Short descriptive text snippets
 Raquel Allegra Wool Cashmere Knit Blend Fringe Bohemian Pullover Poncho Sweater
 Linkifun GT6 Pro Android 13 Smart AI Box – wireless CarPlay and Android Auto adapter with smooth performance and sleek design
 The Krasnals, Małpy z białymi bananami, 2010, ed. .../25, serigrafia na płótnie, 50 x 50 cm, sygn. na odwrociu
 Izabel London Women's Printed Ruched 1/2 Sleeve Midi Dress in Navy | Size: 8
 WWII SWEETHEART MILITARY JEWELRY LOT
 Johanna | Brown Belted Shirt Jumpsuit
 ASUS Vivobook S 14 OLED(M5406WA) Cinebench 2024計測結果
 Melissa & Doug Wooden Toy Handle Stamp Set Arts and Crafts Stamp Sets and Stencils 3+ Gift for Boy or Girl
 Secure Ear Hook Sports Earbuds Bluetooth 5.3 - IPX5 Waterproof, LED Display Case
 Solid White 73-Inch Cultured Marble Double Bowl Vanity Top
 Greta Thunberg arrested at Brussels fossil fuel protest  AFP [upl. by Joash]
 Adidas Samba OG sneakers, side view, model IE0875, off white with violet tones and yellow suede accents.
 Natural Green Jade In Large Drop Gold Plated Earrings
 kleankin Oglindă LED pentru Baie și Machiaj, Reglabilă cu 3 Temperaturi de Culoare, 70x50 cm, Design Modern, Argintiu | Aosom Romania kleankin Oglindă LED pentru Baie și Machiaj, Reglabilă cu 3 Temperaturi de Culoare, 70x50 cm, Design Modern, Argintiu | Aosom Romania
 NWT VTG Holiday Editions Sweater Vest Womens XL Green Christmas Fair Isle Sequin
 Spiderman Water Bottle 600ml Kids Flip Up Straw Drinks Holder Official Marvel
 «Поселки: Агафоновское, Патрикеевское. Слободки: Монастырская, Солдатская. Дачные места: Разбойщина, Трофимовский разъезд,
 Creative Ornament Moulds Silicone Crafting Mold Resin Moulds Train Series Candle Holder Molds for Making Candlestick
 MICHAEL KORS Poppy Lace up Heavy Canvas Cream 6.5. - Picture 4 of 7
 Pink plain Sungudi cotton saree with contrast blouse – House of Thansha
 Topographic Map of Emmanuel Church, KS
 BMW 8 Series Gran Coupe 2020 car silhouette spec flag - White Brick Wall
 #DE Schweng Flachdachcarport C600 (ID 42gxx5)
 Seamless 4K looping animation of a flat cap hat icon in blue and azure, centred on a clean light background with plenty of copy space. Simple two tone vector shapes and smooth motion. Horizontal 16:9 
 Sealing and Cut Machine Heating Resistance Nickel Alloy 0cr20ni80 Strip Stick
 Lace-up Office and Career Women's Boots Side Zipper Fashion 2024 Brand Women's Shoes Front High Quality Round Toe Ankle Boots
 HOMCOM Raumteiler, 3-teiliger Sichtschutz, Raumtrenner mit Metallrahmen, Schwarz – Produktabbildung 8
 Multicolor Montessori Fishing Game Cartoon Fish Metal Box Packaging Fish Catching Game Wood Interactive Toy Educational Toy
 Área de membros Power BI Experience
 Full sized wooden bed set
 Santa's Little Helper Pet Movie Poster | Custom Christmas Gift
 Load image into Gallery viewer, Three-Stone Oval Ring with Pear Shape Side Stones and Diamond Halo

- **WHAT IS EXPECTED**:
Write only the number of lines in the records that contain the string "Holder".

- **SOLUTION**:
2